In less than 30 days, I’m going to walk towards love in a vulnerable and honest way. To be real, I never imagined getting married (other than when I was a little girl and told my dad I would marry him LOL). But growing up, I found that love was deceiving at an impressionable age. I’ve gone through so much —which will be for another post one day— but enough that made me feel like the “institution of marriage” wasn’t for me. And that all changed when I came to know JD, my fiance.
He made me feel that I can redefine what love, and marriage means. To define it in any way we wanted it, without limitations. Without pressures. So purely ours. And now that looks like deconstructing and unlearning parts of ourselves to learn a whole new language of love. A type of love that will take hard work, oh but hard work that will feel like climbing a mountain.

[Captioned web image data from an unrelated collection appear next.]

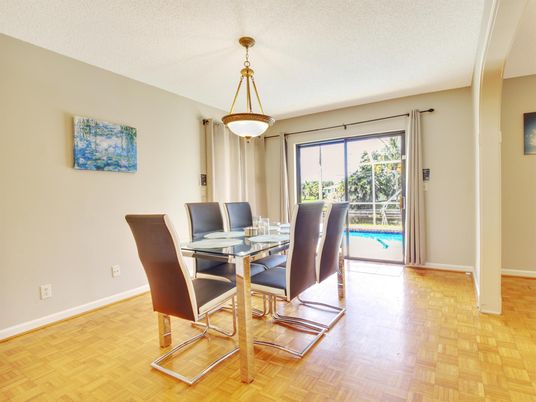 Dining room, Interior, Pendant Lights, Wood Texture Flooring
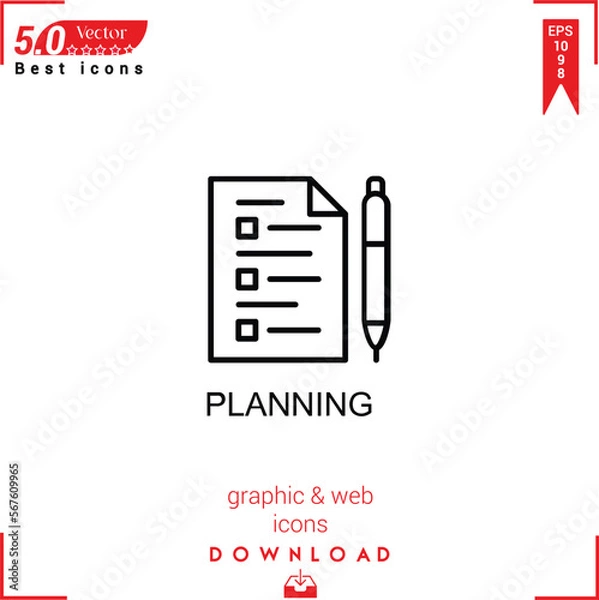 Fototapeta PLANİNG icon vector on white background. Simple, isolated, flat icons, icons, apps, logos, website design or mobile apps for business marketing management,
UI UX design Editable stroke.EPS10 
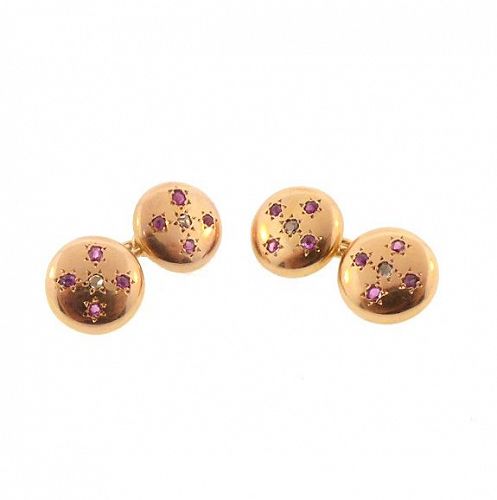 French 18K Gold, Ruby & Diamond Double-Sided Cufflinks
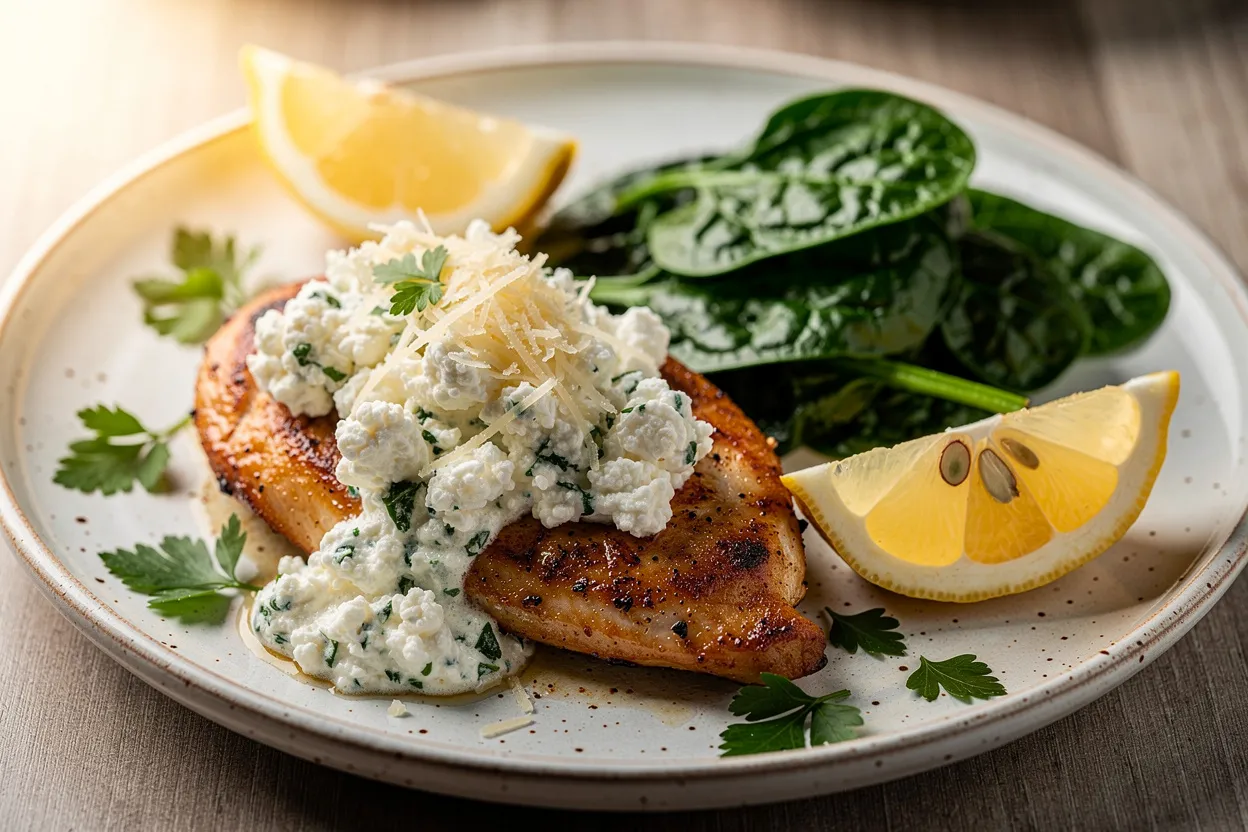 Pan-seared chicken breasts topped with a creamy cottage cheese herb sauce, visible spoonfuls of cottage cheese and grated Parmesan, wilted spinach on the side, lemon wedge and fresh parsley garnish. Style: modern American home-cooked dinner, rustic white plate, warm natural lighting, shallow depth of field, restaurant-quality food photography with a cozy, inviting mood. IMPORTANT: No text, no labels, no captions, no words on the image. Pure food photography only.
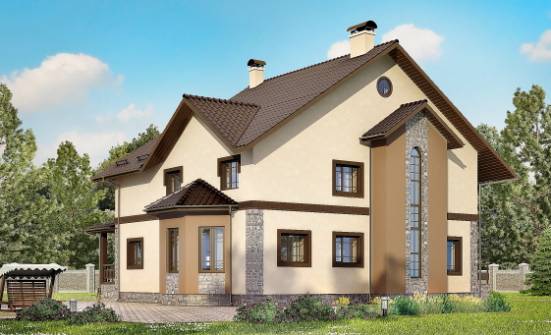 265-003-Л Проект двухэтажного дома, огромный коттедж из бризолита Арсеньев | Проекты домов от House Expert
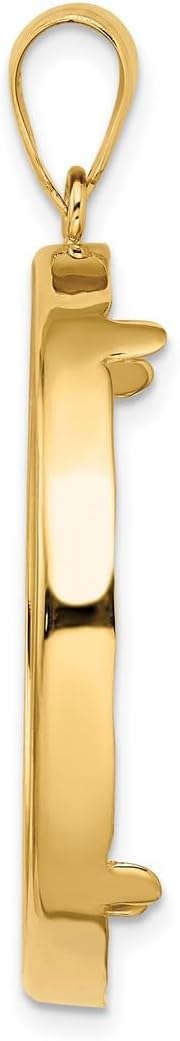 Generic Coin Jewelry 14k Polished 32.7mm Prong Coin Bezel Pendant, Yellow - Image 2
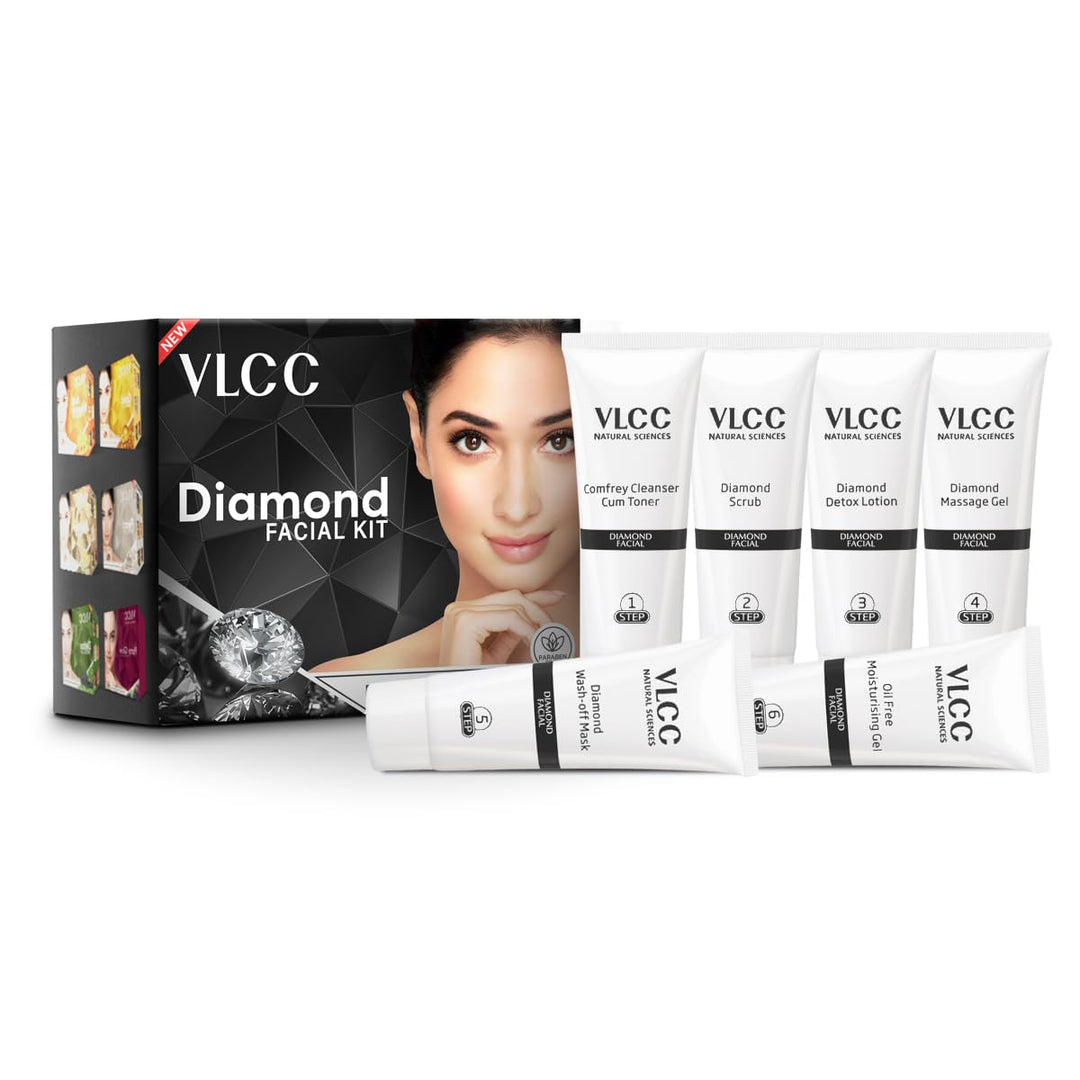 Diamond Facial Kit - 60g | Skin purifying with Parlour Glow | Improves Skin Elasticity, Brightens and Lightens Patchy Damaged Skin | With Colloidal Diamond, Jojoba Oil, Olive Oil & Aloe Vera.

JD and I have been engaged for 1.5 years, but really didn’t start the intense planning until the last 6 months. And man—they’ve been challenging. So many small moving parts.
What linens do we want?
What are the cheapest but prettiest flowers?
Do we want a cake stand?
These micro decisions for sure has tested my patience. But at the same time, it has made me learn to really, actually, take a step back and look at the big picture. If my head is down the whole time looking at these tiny details, when will I have time to look up and around my view after climbing this mountain?
These last thirty days will be full of making time for both of my jobs, being intentional with my family, and most of all, nurturing to myself and my relationship. Sure, I’m asking a lot from myself. Yea, it’s going to be challenging. But, I think it’s time for the little girl that I see chasing butterflies to be still. And encourage stillness.
To let the butterflies come to her and land on her shoulders. And when they do, the moment will no longer be fleeting, but forever.